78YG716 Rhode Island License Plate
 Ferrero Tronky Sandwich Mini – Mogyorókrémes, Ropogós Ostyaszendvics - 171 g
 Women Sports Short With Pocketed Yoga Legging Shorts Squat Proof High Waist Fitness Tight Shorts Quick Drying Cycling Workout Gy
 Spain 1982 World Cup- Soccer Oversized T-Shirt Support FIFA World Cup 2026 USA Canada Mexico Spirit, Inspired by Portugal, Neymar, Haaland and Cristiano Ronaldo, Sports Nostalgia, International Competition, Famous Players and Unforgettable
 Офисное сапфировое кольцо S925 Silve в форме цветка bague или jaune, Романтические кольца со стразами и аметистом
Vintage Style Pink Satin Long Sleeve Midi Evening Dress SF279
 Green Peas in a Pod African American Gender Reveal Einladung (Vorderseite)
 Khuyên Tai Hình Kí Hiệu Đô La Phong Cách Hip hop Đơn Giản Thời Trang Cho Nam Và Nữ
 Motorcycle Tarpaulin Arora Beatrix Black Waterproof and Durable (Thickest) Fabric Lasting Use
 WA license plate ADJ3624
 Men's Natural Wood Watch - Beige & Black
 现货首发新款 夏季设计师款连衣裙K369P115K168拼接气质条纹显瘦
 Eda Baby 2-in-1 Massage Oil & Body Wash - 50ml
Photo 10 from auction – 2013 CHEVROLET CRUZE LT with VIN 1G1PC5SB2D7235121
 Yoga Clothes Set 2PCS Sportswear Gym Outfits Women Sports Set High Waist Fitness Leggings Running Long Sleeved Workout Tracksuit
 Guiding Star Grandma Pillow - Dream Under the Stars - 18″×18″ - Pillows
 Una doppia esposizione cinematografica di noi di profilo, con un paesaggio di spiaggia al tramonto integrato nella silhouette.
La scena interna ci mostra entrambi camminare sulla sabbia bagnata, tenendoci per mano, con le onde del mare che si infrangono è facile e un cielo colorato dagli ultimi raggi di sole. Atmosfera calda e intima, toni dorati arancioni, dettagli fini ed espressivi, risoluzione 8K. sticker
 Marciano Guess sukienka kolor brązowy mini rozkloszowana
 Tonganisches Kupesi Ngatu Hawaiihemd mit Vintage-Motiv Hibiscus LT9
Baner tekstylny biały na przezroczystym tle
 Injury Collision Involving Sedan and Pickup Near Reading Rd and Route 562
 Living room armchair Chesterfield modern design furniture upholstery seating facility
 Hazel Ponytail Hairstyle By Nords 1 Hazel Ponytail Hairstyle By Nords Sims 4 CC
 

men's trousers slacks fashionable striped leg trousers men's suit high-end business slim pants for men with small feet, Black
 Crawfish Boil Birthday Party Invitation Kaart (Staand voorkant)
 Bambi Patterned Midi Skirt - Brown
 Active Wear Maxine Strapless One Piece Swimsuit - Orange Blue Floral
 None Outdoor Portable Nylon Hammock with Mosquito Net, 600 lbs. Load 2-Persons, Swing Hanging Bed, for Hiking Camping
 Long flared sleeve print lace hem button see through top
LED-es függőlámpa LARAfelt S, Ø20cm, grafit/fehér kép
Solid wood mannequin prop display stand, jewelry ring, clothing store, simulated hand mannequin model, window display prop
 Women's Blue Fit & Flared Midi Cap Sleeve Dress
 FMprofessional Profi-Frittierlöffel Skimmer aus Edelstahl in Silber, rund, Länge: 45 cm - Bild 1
****
What is required: Transcribe the listing above verbatim, leaving every line whole.

The answer:
78YG716 Rhode Island License Plate
 Ferrero Tronky Sandwich Mini – Mogyorókrémes, Ropogós Ostyaszendvics - 171 g
 Women Sports Short With Pocketed Yoga Legging Shorts Squat Proof High Waist Fitness Tight Shorts Quick Drying Cycling Workout Gy
 Spain 1982 World Cup- Soccer Oversized T-Shirt Support FIFA World Cup 2026 USA Canada Mexico Spirit, Inspired by Portugal, Neymar, Haaland and Cristiano Ronaldo, Sports Nostalgia, International Competition, Famous Players and Unforgettable
 Офисное сапфировое кольцо S925 Silve в форме цветка bague или jaune, Романтические кольца со стразами и аметистом
Vintage Style Pink Satin Long Sleeve Midi Evening Dress SF279
 Green Peas in a Pod African American Gender Reveal Einladung (Vorderseite)
 Khuyên Tai Hình Kí Hiệu Đô La Phong Cách Hip hop Đơn Giản Thời Trang Cho Nam Và Nữ
 Motorcycle Tarpaulin Arora Beatrix Black Waterproof and Durable (Thickest) Fabric Lasting Use
 WA license plate ADJ3624
 Men's Natural Wood Watch - Beige & Black
 现货首发新款 夏季设计师款连衣裙K369P115K168拼接气质条纹显瘦
 Eda Baby 2-in-1 Massage Oil & Body Wash - 50ml
Photo 10 from auction – 2013 CHEVROLET CRUZE LT with VIN 1G1PC5SB2D7235121
 Yoga Clothes Set 2PCS Sportswear Gym Outfits Women Sports Set High Waist Fitness Leggings Running Long Sleeved Workout Tracksuit
 Guiding Star Grandma Pillow - Dream Under the Stars - 18″×18″ - Pillows
 Una doppia esposizione cinematografica di noi di profilo, con un paesaggio di spiaggia al tramonto integrato nella silhouette.
La scena interna ci mostra entrambi camminare sulla sabbia bagnata, tenendoci per mano, con le onde del mare che si infrangono è facile e un cielo colorato dagli ultimi raggi di sole. Atmosfera calda e intima, toni dorati arancioni, dettagli fini ed espressivi, risoluzione 8K. sticker
 Marciano Guess sukienka kolor brązowy mini rozkloszowana
 Tonganisches Kupesi Ngatu Hawaiihemd mit Vintage-Motiv Hibiscus LT9
Baner tekstylny biały na przezroczystym tle
 Injury Collision Involving Sedan and Pickup Near Reading Rd and Route 562
 Living room armchair Chesterfield modern design furniture upholstery seating facility
 Hazel Ponytail Hairstyle By Nords 1 Hazel Ponytail Hairstyle By Nords Sims 4 CC
 

men's trousers slacks fashionable striped leg trousers men's suit high-end business slim pants for men with small feet, Black
 Crawfish Boil Birthday Party Invitation Kaart (Staand voorkant)
 Bambi Patterned Midi Skirt - Brown
 Active Wear Maxine Strapless One Piece Swimsuit - Orange Blue Floral
 None Outdoor Portable Nylon Hammock with Mosquito Net, 600 lbs. Load 2-Persons, Swing Hanging Bed, for Hiking Camping
 Long flared sleeve print lace hem button see through top
LED-es függőlámpa LARAfelt S, Ø20cm, grafit/fehér kép
Solid wood mannequin prop display stand, jewelry ring, clothing store, simulated hand mannequin model, window display prop
 Women's Blue Fit & Flared Midi Cap Sleeve Dress
 FMprofessional Profi-Frittierlöffel Skimmer aus Edelstahl in Silber, rund, Länge: 45 cm - Bild 1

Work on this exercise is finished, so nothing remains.